To expand on my previous comment of "if it ain't broke DONT fix it" I offer this . . . I have been in this business since the late 60's and if back then somebody mentioned "color management" at that time it had a whole different meaning - picture Paula Dean and her comments . . . There is in fact "color management" I do use - its knowing what my systems do and how my platesetter and pressroom will react to the files I send them. If I were not in a closed loop system with the knowledge that I have of it I would probably think that all that technology was just the cat pajamas . . . but like Matt's old co-worker who corrected in black and white channels who took the knowledge with him when the left. There is a loss of craft in all industries and more reliance on technology to fill in the gaps of knowledge that us "old folks" just absorbed over the years.

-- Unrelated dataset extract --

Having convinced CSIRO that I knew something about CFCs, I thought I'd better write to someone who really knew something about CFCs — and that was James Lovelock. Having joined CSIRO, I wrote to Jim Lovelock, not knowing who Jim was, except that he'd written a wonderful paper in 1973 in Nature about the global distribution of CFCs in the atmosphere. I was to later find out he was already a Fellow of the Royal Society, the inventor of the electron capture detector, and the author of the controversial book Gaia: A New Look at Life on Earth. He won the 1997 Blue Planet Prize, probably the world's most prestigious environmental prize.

One of my favorite sayings is that . . . when, not if, the internet/grid fails we will all be looking for an encyclopedia Britannica to teach us how to make candles so we can read the books at night to learn how to make soap.:)
 
You are fooling yourself Gordo !

You are fooling yourself Gordo !

The first time I see color is on the printshop supplied contract proof and then the final presswork.

It is laughable that you think you are not using color management. That sentance above says it all Gordo - your service provider is doing the color management for you ! How else does 30 cyan show up on that proof looking like 30 cyan - and then stay as 30 cyan in the presswork ? Why ? Because someone characterized and calibrated the devices so they behaved, that's why.

You are using color management
 
It is laughable that you think you are not using color management. That sentance above says it all Gordo - your service provider is doing the color management for you ! How else does 30 cyan show up on that proof looking like 30 cyan - and then stay as 30 cyan in the presswork ? Why ? Because someone characterized and calibrated the devices so they behaved, that's why.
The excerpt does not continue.